JOURNAL EDITORIAL STAFF
Published: February 5, 2010
North Carolina’s stubborn refusal to add charter schools could sting the very people who have supported the 100-school limit. If that happens, it should be enough to get some state leaders thinking clearly about charter schools.
The state’s application for almost $470 million of special federal-education funds is vulnerable to rejection because the Obama administration strongly favors charter schools.
Charter schools are a partisan issue in North Carolina. Republicans want them. Democrats don’t. In the mid-1990s, when the Republicans controlled the state House for two terms, they pushed through legislation creating charter schools here. But Democrats insisted that there be no more than 100 charters.
Legislative Democrats have resisted all efforts in the past 15 years to raise that cap.
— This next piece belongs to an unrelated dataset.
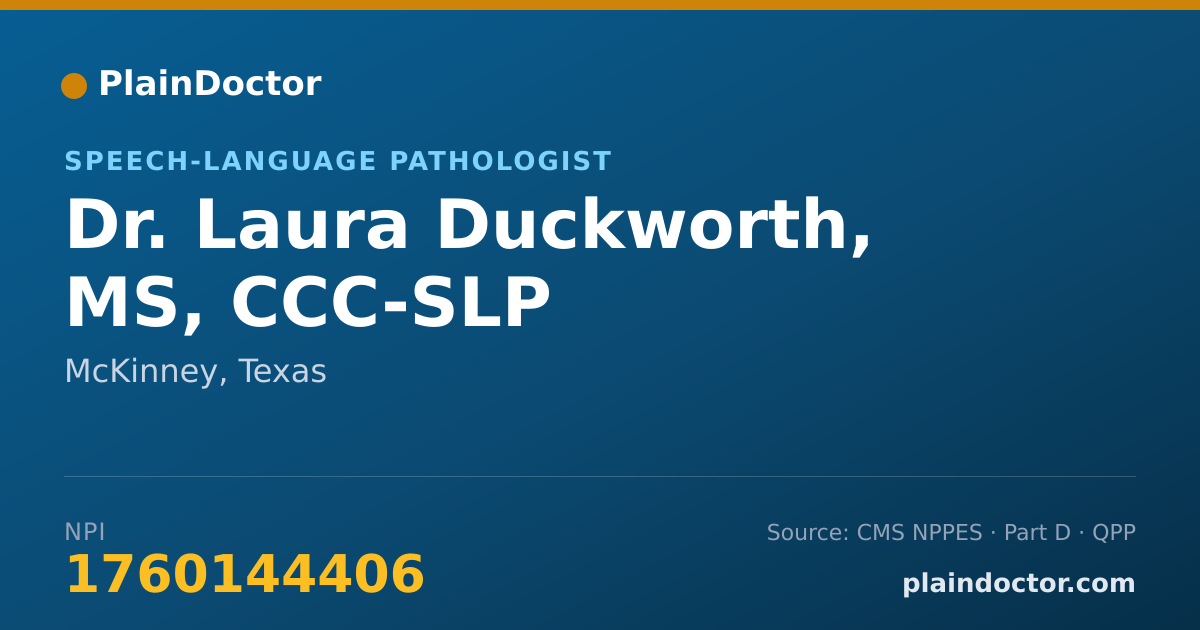 Shareable card for Laura Duckworth, MS, CCC-SLP - Speech-Language Pathologist, McKinney, TX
Their political allies — teacher groups and school administrators — generally oppose charters.
The election of this Democratic president shuffled the charter environment, however, because Obama likes charters. So does his education secretary, Arne Duncan. They’ve created a $4 billion, three-year educational improvement program, “Race to the Top,” and will begin handing out funds in the spring. Not every state will get money under the program.
North Carolina wants $469.5 million for a Perdue administration program recently submitted to Washington. At one point, charters were specifically written into the federal grant rules, but Duncan changed that. Charter advocates still say that the state has hurt its own chances by failing to do anything to expand beyond 100 of the schools.
If North Carolina does not get a share of the education funds, the blame will lie squarely in the lap of Gov. Bev Perdue and her friends in the state’s education establishment.
They are the leaders who have stopped all efforts to expand charters. Ironically, it will be the traditional public schools that don’t get the federal money.
Charters are publicly financed but operate without most of the government regulations. They often work with some of the most difficult children in a community. And a few of them are considered among the nation’s very best schools for high-performing students.
In the early 1990s, there were fears that charters would be all-white and exclusively middle-class.
But the opposite has occurred. Charters are very popular in low-income and minority neighborhoods where parents often feel that their children are ignored by the educational establishment.
It’s too late for the General Assembly to lift the 100-school cap, as it should do, and still qualify for the federal money. But the legislature should make that move in May, whether the state gets “Race to the Top” funds or not.